Mr Cuell said in some cases firefighters would be left with little option other than to back-burn a firebreak around a property under threat from flames - and then hope for the best.
"There is nothing we can do about this," he said.
"We just need rain, we are all praying for rain."
But towns like Tenterfield refuse to be beaten.
In an extraordinary move, 600,000 litres a day of greywater from local showers and toilets are being pumped into trucks to fight the fires that began last Friday.
And semi-trailers are also carting water in, while some fire trucks will be able to be filled direct from bores.
Warialda firefighter Aaron Brooks said there is little hope of stopping bushfires without water.
"Because of the drought, everything is just dead - dead trees, dead grass," he said. "You notice it when you walk through the bush everything cracks underneath your feet.
"All of that is just fuel for the fire. If they (fires) get going in that stuff, there is no stopping them."
Fires have raged from the Tweed, on the Queensland border, south to Bega since Friday, with more than 450 firefighters and 170 fire trucks and aircraft called in to the battle. Yesterday afternoon, more than 65 fires were burning - at least 20 of them uncontained - razing 100,000ha of land and six homes in northern NSW.

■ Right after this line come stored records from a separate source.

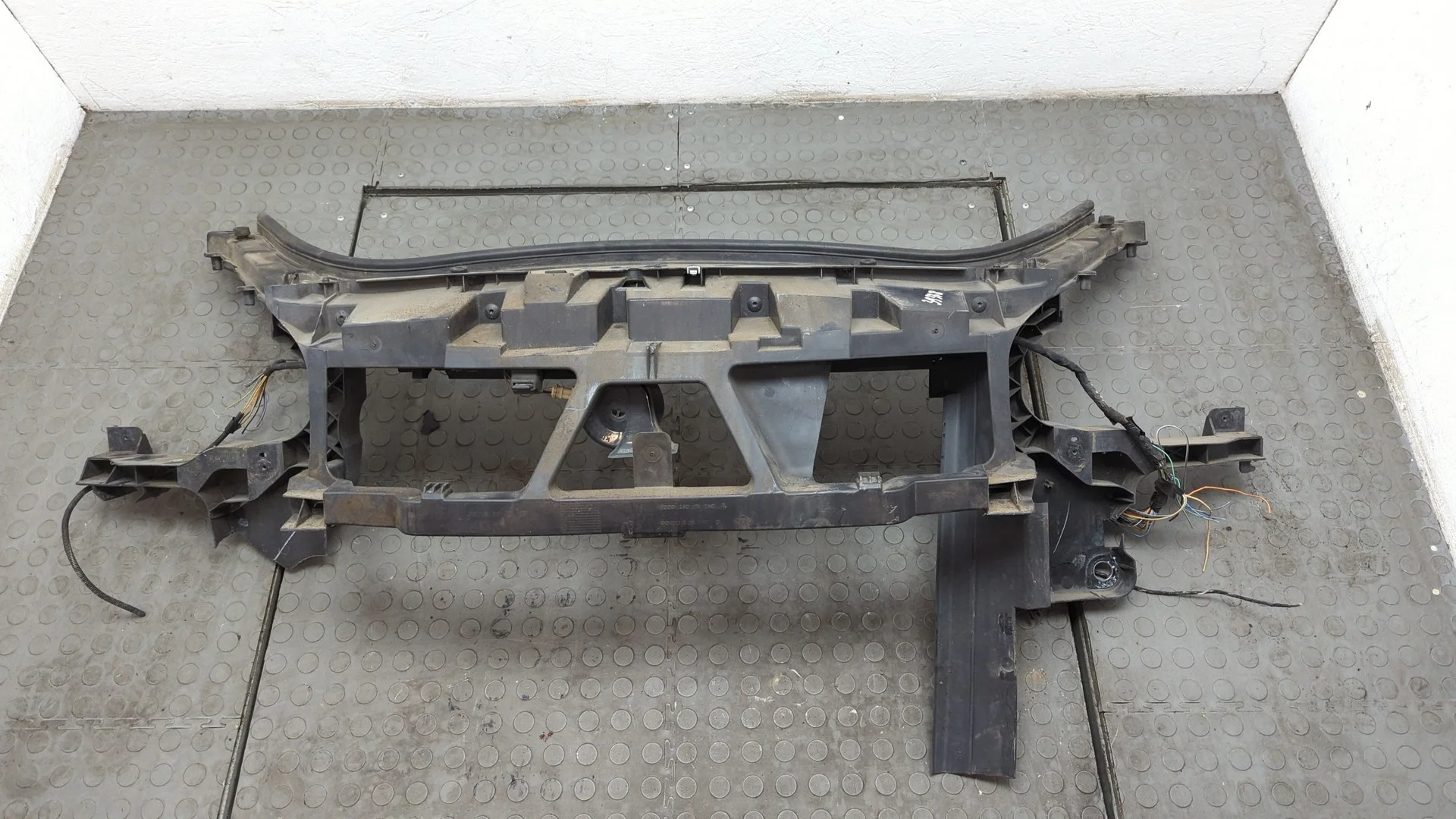 Рамка передняя (телевизор) Renault Scenic 2003-2009 КПП 6-ст.мех.(МКПП) F4R 770 Бензин 2 л Инжектор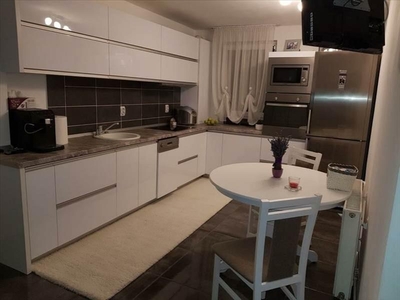 Apartament 4 camere decomandat etaj intermediar Craiter, Brasov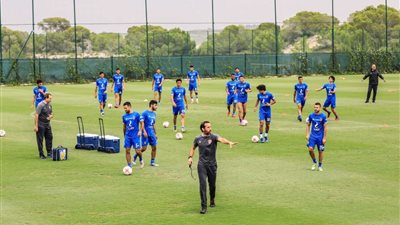 لاسارتي يواصل تنفيذ خططه في مران الأهلي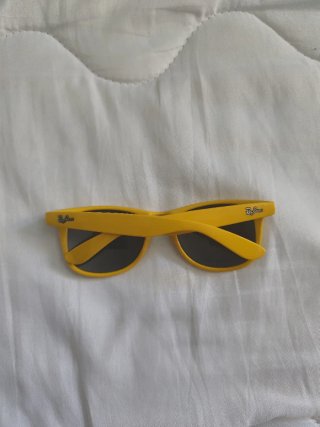 Gafas de sol Ray-Ban amarillas (falsas)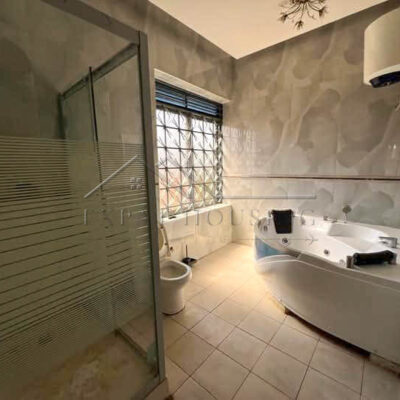 307d16a9-eddc-4fe9-b4de-b43e10cbcb12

The two most concerning blazes were at Bees Nest, near Armidale and at Long Gully Rd, near Tenterfield.
Neville Smith, 66, who was injured while fighting a fire in Tenterfield on Friday, was in a critical condition at the Royal Brisbane and Women's Hospital last night.
The father of two had made a slight improvement yesterday and his friend of 25 years Irene Horn said the whole town was behind him.
"He is the most honest and caring man I've ever met," she said.
"He helps everyone in the community, if anyone ever needs a hand he's the first to help."
Strong winds were threatening to increase the inferno, but the weather bureau forecast conditions to ease today - but warn the rest of the year is expected to be hotter and drier than usual.
In Queensland, where more than 50 fires were burning and 20 homes already lost, Fire and Emergency Services inspector Andrew Sturgess said: "This is an omen, if you will, a warning of the fire season that we are likely to see."